どうも昭和十二年ごろまでは興味が持てない。最初のころは歌舞伎界との交流が毎日に記述で、それもどこで飯を食ったとか、誰と会ったかという一日二、三行の記述で興味がわかない。それに、秋庭太郎の伝記では交友範囲の具体的人名が一切ない。これはのちの伝記を通していえる。これは致命的な欠陥である。
ぷらいばしーへの配慮があるのだろうが、荷風の記述が「誰それと飯を食った」という記述にとどまっているから、そういう配慮を必要としない。まれに配慮を必要とする人物が出てくるが、その個所はしかるべき書き方があるだろう、職業的売文家としては。
昭和初年になると歌舞伎界との付き合い記述が一変して変名?の人物との銀座界隈での会食の記録の連続連日であるが、これも無味乾燥である。もちろん女出入りも記録しているが興味をひくものではない。この変名が誰であるかがわかれば興味が持てるかもしれない。秋庭太郎の伝記でもその辺の記述は全くない。したがって興味が持てない。交友関係が一変しているらしいので。これらの人物が誰であるかが分からければ全く無意味な記述である。
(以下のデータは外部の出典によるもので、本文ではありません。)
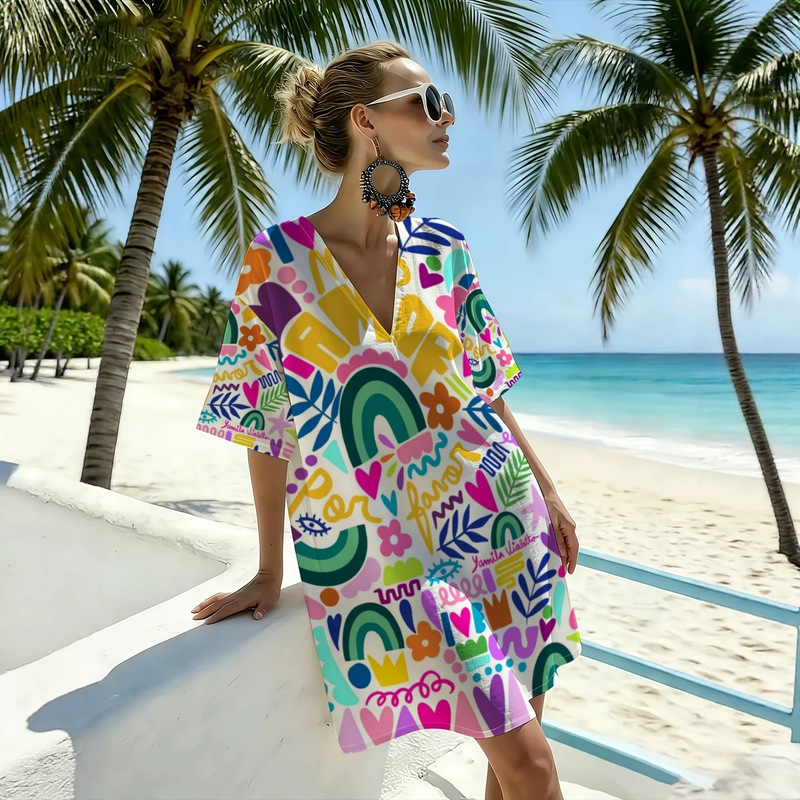 New cross-border product: All-over printed graffiti dress, summer vacation style, bat-sleeve beach dress, loose-fitting women's clothing, foreign trade supply New cross-border product: All-over printed graffiti dress, summer vacation style, bat-sleeve beach dress, loose-fitting women's clothing, foreign trade supply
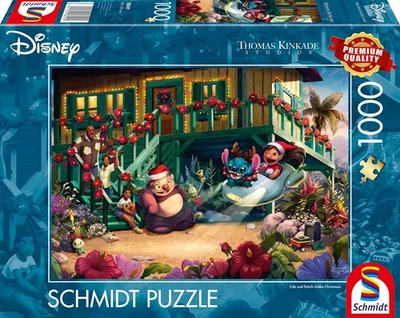 NEW Schmidt 58049 Disney Thomas Kinkade Lilo & Stitch Aloha Christmas 1000 Pc - Image 1 of 4
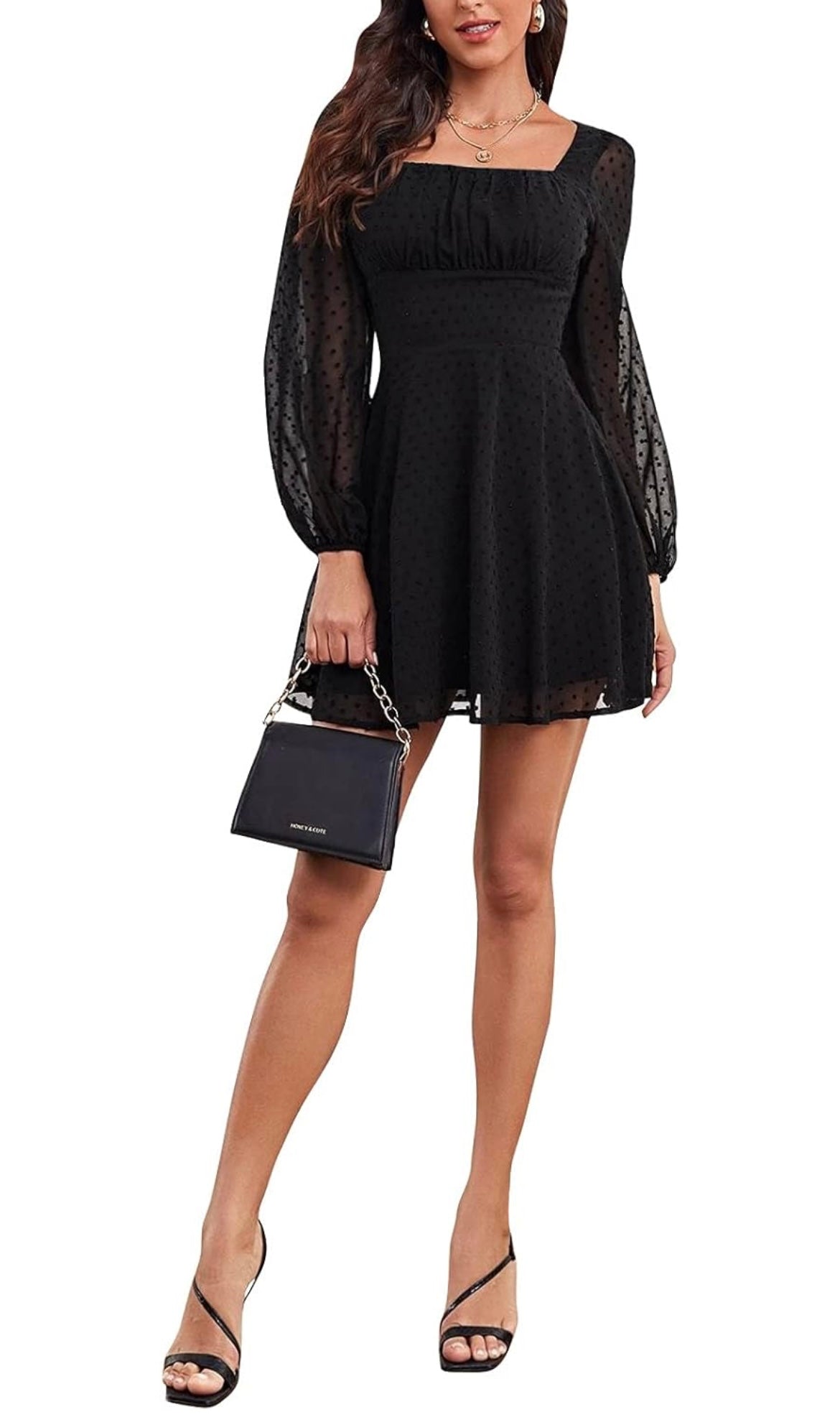 Swiss Dot Square Sheer Sleeve Dress-Black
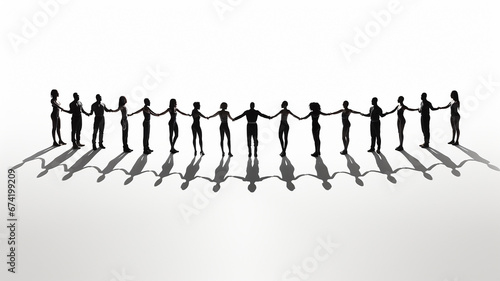 Wallpaper Mural round dance symbol, national dance top view isolated on a white background, illustration silhouettes and figures of people holding hands in a round dance, cultural national tradition Torontodigital.ca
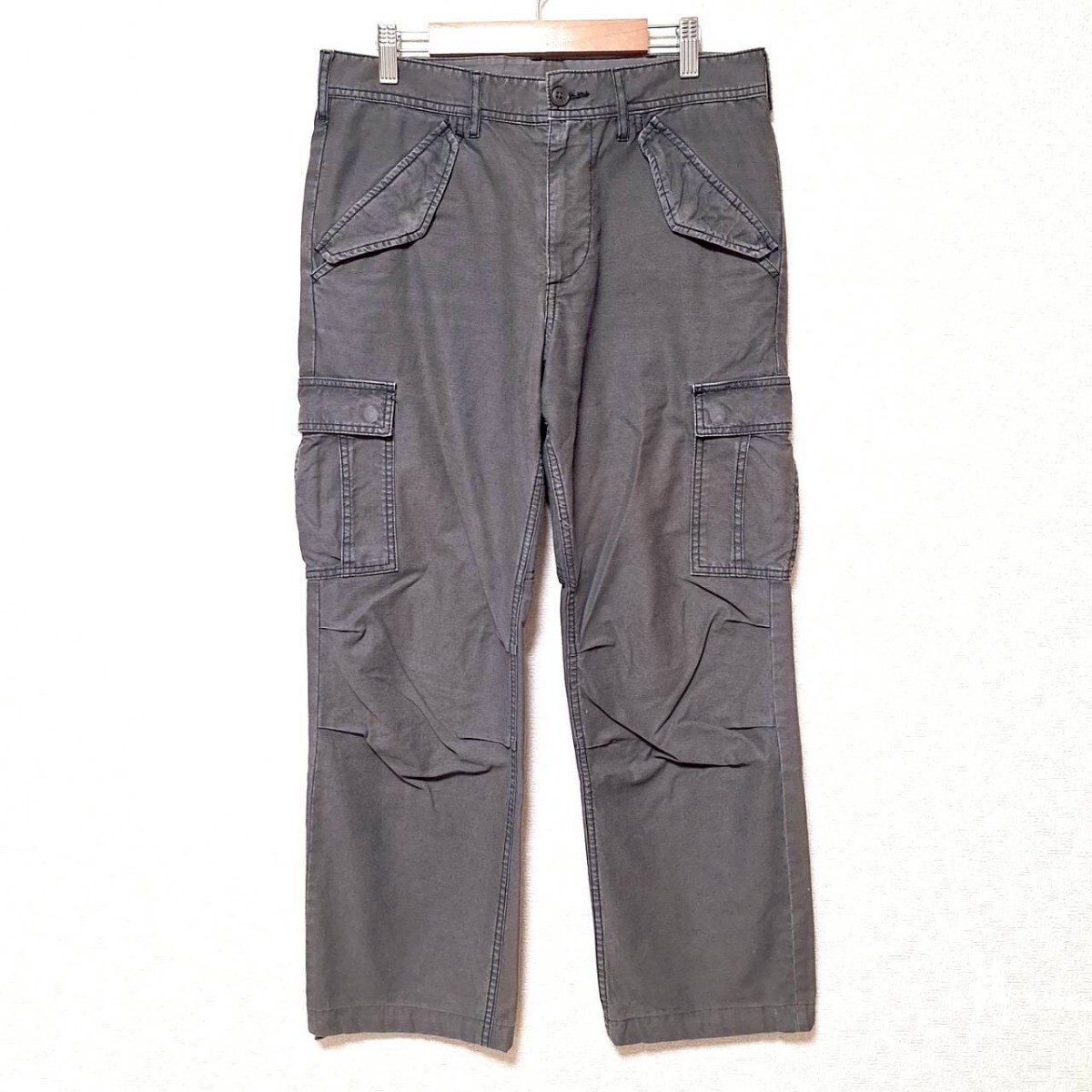 W594【BEAMS HEART】ビームスハート カーゴパンツ ボトムス 作業 ワーク ロング 大きめ カジュアル 無地 ワッペン グレー メンズ M/ee拍卖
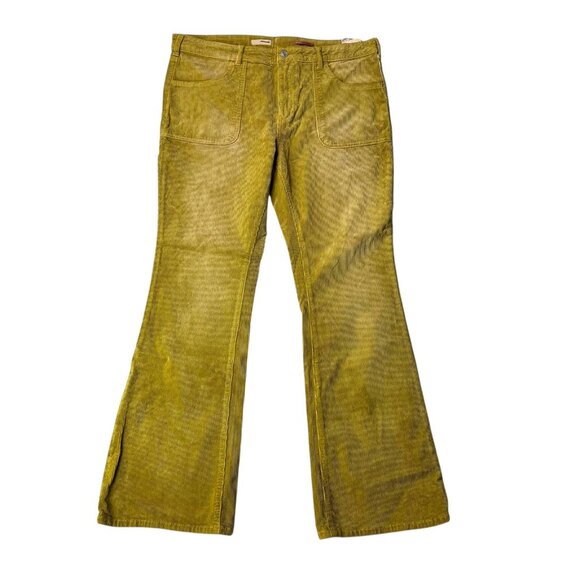 Anthropologie Pilcro The Icon Flare Corduroy Pants Mustard Yellow NWT Size 33 - Picture 3 of 5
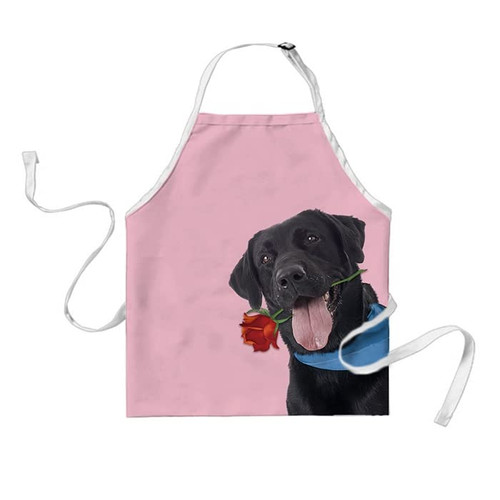 BAGEYOU Cute Labrador Dog Apron Rose Flowers Valentine's Chef Cooking Baking Apron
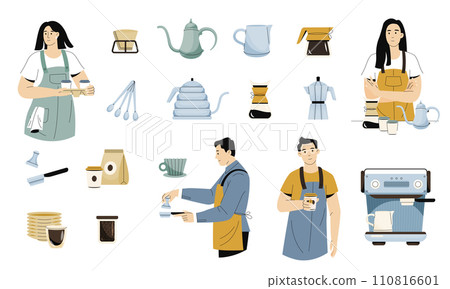 Barista with equipment. Cafe workers preparing coffee and other beverages, cafe and coffee shop characters with cups devices. Vector set Barista with equipment. Cafe workers preparing coffee and other beverages, cafe and coffee shop characters with cups devices. Vector set 110816601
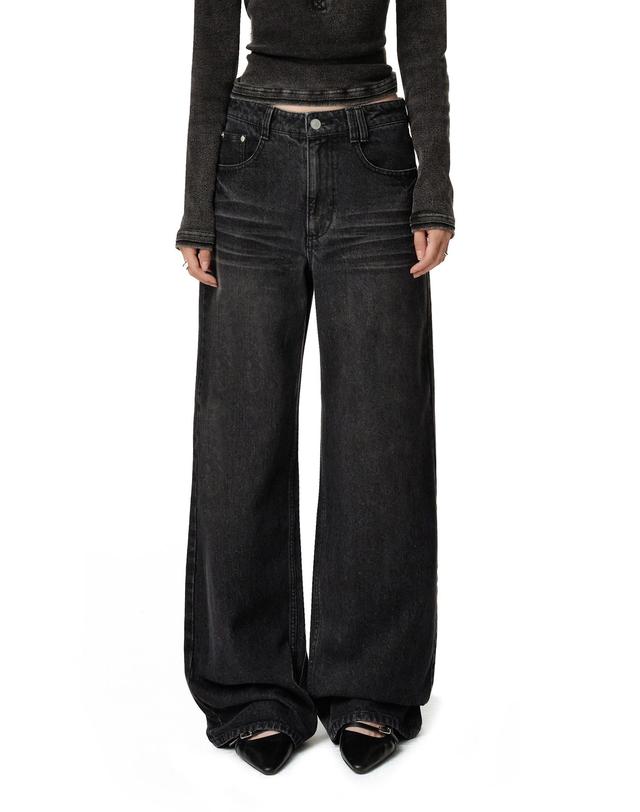 데케트 우먼 Adjustable Back Wide Jeans DCWPT032BLACK 착용컷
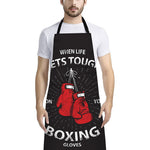 Put On Your Boxing Gloves Print Bib Apron With Pocket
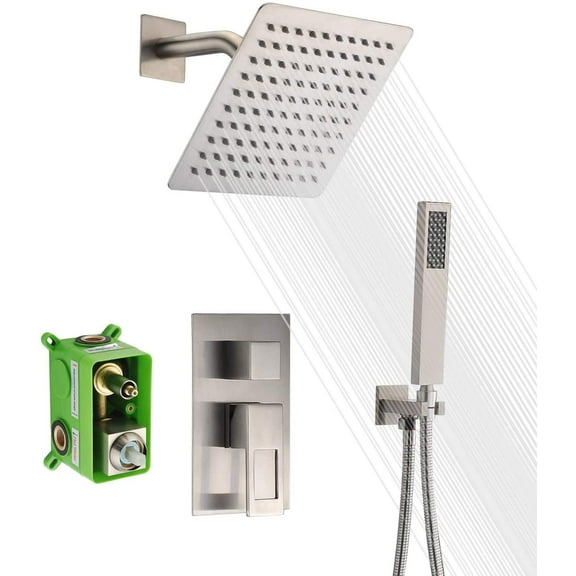 SUMERAIN Shower Faucet with Handheld Brushed Nickel,Wall Mounted Shower System with Rainfall Shower Head and Handheld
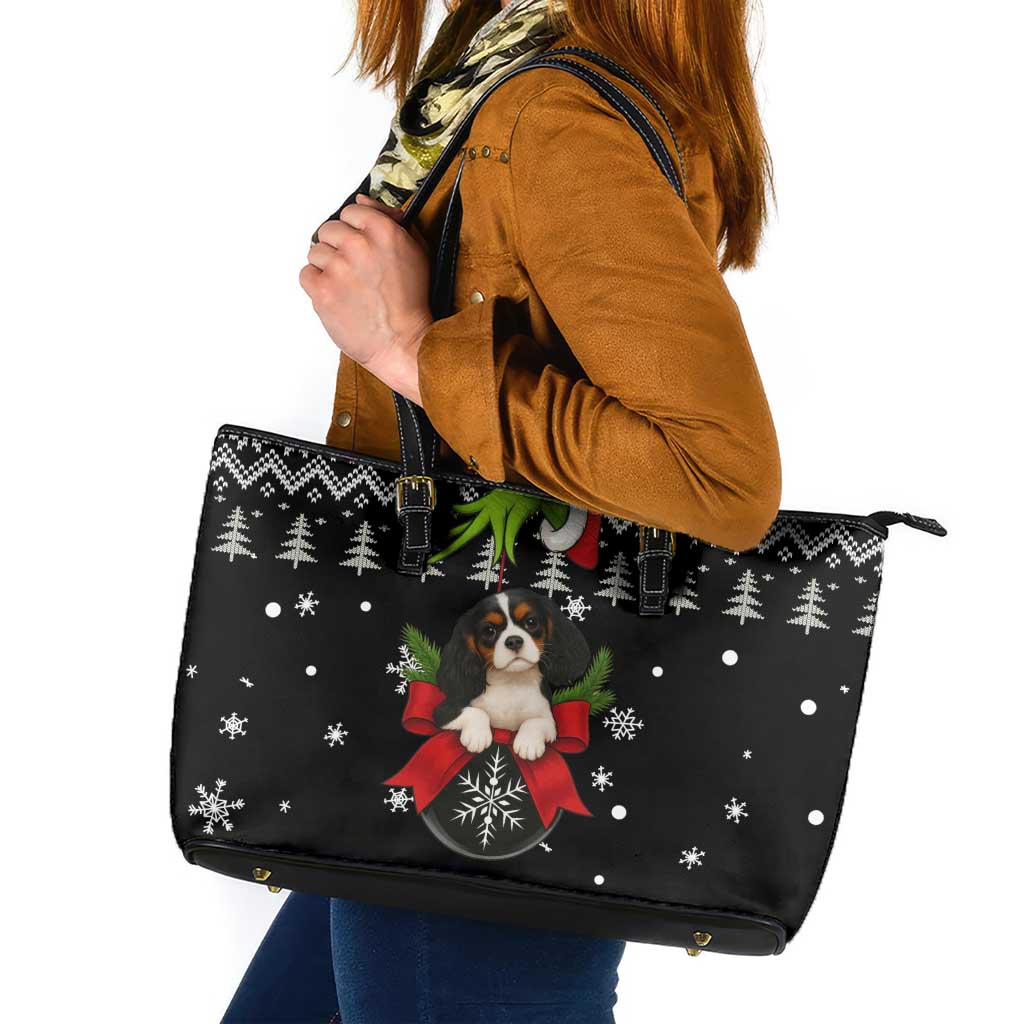 Cavalier King Charles Spaniel Xmas Ball Christmas Leather Tote Bag Xmas Holiday Patterns - Wonder Print Shop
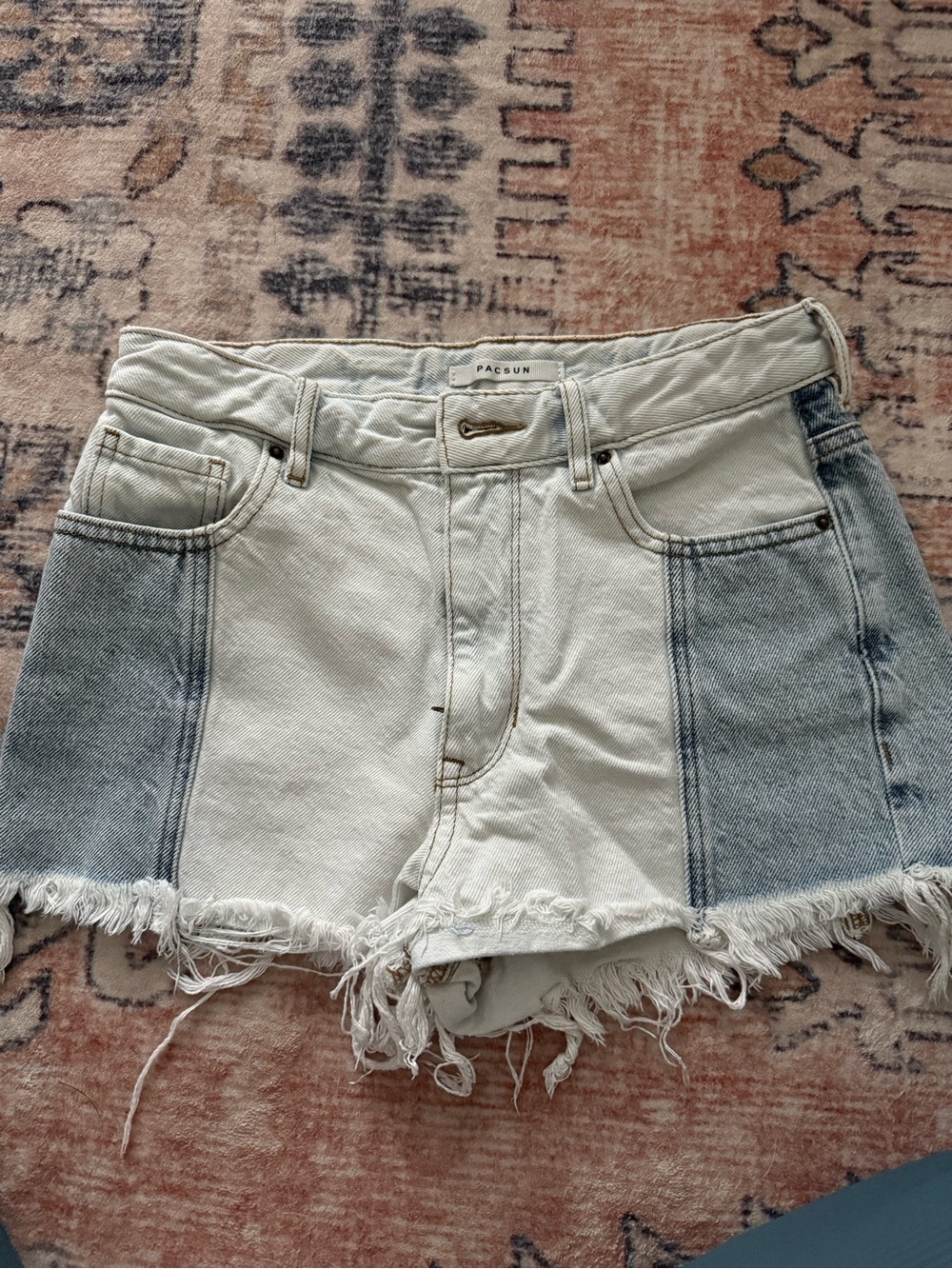 PacSun Two-Tone Frayed Hem Denim Shorts - Medium & Light Blue Panels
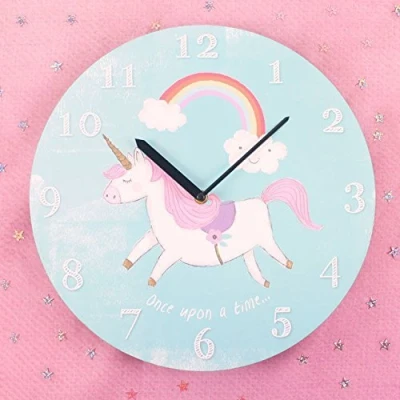 Image of Jones Home and Gift Wall Clock Children&#039;s Round Unicorn Battery Operated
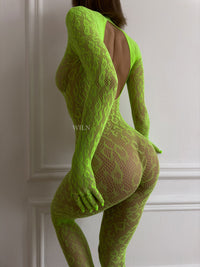 LIBIDO Bright Neon Green Fishnet Full Bodystocking with Integrated Gloves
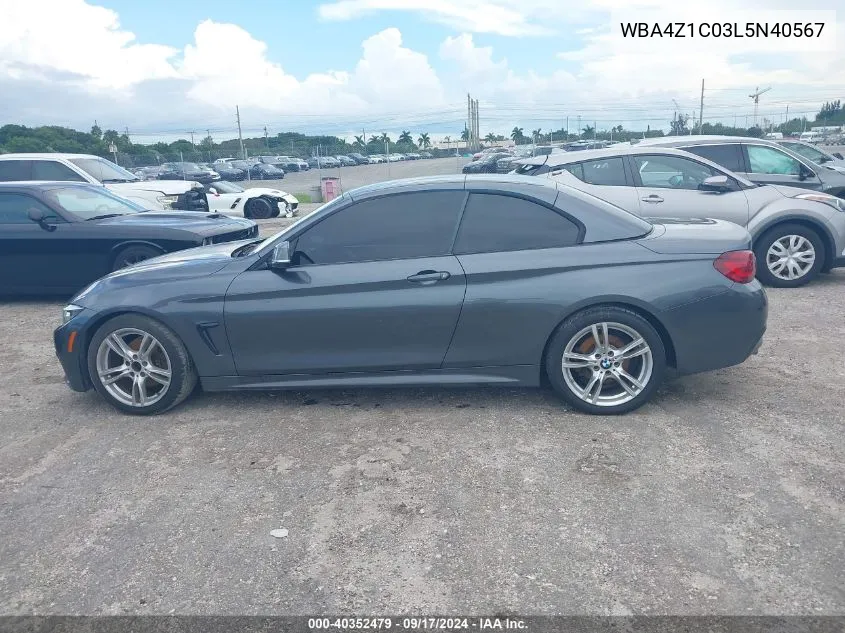 2020 BMW 430I VIN: WBA4Z1C03L5N40567 Lot: 40352479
昭和十年前後になると、一年以上にわたって浅草の小劇場で自作の上演の経緯が中心となる。これも正直言って興味が持てる書き方ではない。しかし、連日連夜夜明けま舞台台稽古に付き合ったり、けいこが終わった後女優や、踊り子たちを引き連れて飯を食ったり、吉原に上がったりの記述が延々とつづく。はっきり言ってモノトーンである。
昭和十年以降になると険悪な、政治情勢や軍部横暴に対する荷風の嫌悪、批判が多くなり、やや読めるようになる。ひっ迫する日常生活の具体的記述が多くなり、読める。